Q&A: Richard Hewitt, Former Head of Digital Stores at M&S

Richard Hewitt, former Head of Digital Stores at Marks & Spencer (M&S), shares his thoughts on future retail trends.

Among other things, retailers should expect increased connectivity, be careful of the ‘Buzz Lightyear Effect’ and learn from other retailers when they can.

What technological trends do you believe will grow over the next 12 months?

Richard Hewitt (RH): Over the next year I suspect we are going to continue to see the rise of the Internet of Things, with more and more everyday household and personal items becoming connected to the internet. It’s likely that we’ll see wearable technology become commonplace, along with the growth of new payment vectors.

What is the one thing that retailers need to keep front of mind when considering new technologies?

RH: New technology can seem to be very attractive, what I like to call the ‘Buzz Lightyear Effect’. It’s important to be clear on whether there is an early or first mover advantage to bringing on a new piece of tech. For most retailers it’s probably worth learning from others first and copying with pride without having the cost of investing in unproven early-stage technology. It’s not unusual for companies to get wooed by early stage businesses, who use their first rounds of customers as test-beds for unproven concepts. Be clear on the problem that is being solved and make sure the technology being proposed is relevant, scalable and can co-exist with the current technology stack.

What can digital do to help improve the role for store associates?

RH: With the advent of greater mobile connectivity, the potential consumer touch points for brands have grown; this means the in-store experience is only part of a greater web of engagement. Putting the customer at the heart of the experience and not injecting technology for the sake of it is crucial here. It may look cool to give everyone a tablet on the shop floor, but make sure that it’s not getting in the way of the human interaction customers expect in-stores.

Customers elect to come into stores. They also expect, and in many cases prefer, the human touch. Digital needs to be non-intrusive and complementary during customer interactions.

On the operational side there is a considerable amount that can be done to improve internal processes and operational efficiency more generally.
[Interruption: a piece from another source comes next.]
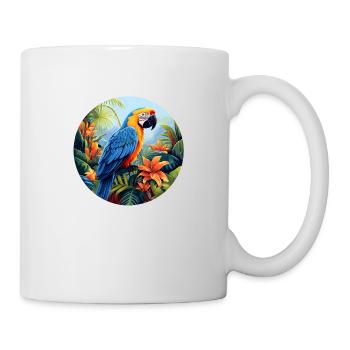 Blauer und goldener Ara - Tasse - Weiß - Rechts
Converging around fewer types of devices, building store operations around event-based task management, reducing duplicated efforts and the like are all strong candidates for digital solutions.

Why are you attending Future Stores this year?

RH: Future Stores is a great opportunity to network with colleagues from adjacent businesses and get a picture of what common challenges there are. Seeing what’s coming on the horizon from new and existing vendors is always good and I’m looking forward to being wowed by the amazing new things that are bound to be on display.

At Future Stores, Hewitt will host a board level session on ‘Digitally managed workforce operations: How can you transform business basics with digital tools and maximise store performance?’ It will take place at 5pm on 31 May.

The discussion will cover:

  • Defining a retail process that works for your business: What are the key considerations when choosing different types of technology to support your staff efficiently run your stores?
  • Making sure digital tools are fit for purpose: How to select and use digital to improve the role for your store staff and boost job satisfaction.
  • How to devise a solid strategy when introducing new technologies in-store to ensure you can successfully project manage from behind the scenes.
  • Moving towards automation: How can digital tools help to remove the heavy lifting logistical workload for your staff and cut down on paper work?